1. Field of the Invention
The present invention relates to a power semiconductor switching device, and particularly to a pressurized contact type double gate static induction thyristor.
2. Description of the Related Art
Power semiconductor switching devices are required to permit the flow of as heavy current as several thousand amperes when turning on at power line and to withstand as high voltage as several thousand volts when turning off at power line. In an attempt to meet such strict requirements in power switching application to power line, a variety of semiconductor configurations have been hitherto proposed, and among these proposals a pressurized contact type power semiconductor switching device is the most attractive one. Gate turnoff thyristors, transistors and diodes of the pressurized contact configuration are disclosed, for instance, in Japanese Patent Publn. Nos. 59-29143 and 59-50114.

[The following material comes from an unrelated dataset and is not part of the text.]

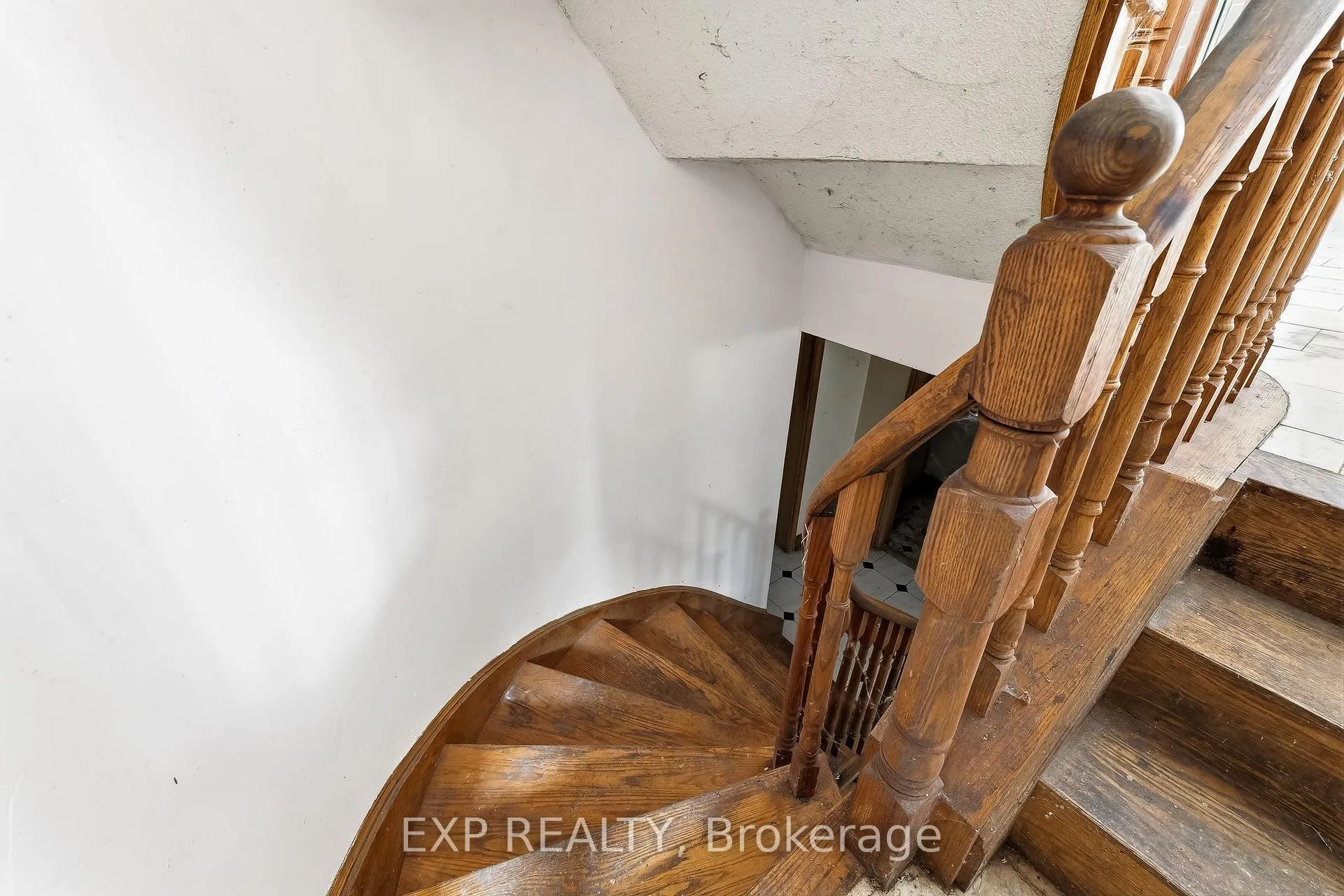 Photo 37 of 1622 Burns Street E, Whitby, Blue Grass Meadows — HOMEH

FIG. 5 shows, in section, a pressurized contact type gate turnoff thyristor. In the drawing, an NPNP lamination body composed of semiconductor layers of different conductivity types is designated at Reference Numeral 100. The NPNP lamination body 100 has a number of cathode projection areas 51 formed an the top surface of the lamination body. An underlying layer of p-type 52 constitutes a gate area and under the p-type layer 52 there is an n-type layer whose bottom is contiguous to a lowermost layer of p-type 53 which constitutes an anode area. Each cathode projection area 51 has a cathode electrode 54 formed thereon. Likewise, the gate area 52 has a gate electrode 55 formed thereon and the anode area 53 has an anode electrode 56 formed thereon. A first thermal expansion stress buffer plate 57 is contacted to the anode electrode 56, and the NPNP lamination body 100 is covered at its peripheral side surface with an insulating resin coating 58. A second thermal expansion stress buffer plate 59 is located on the cathode electrode 54.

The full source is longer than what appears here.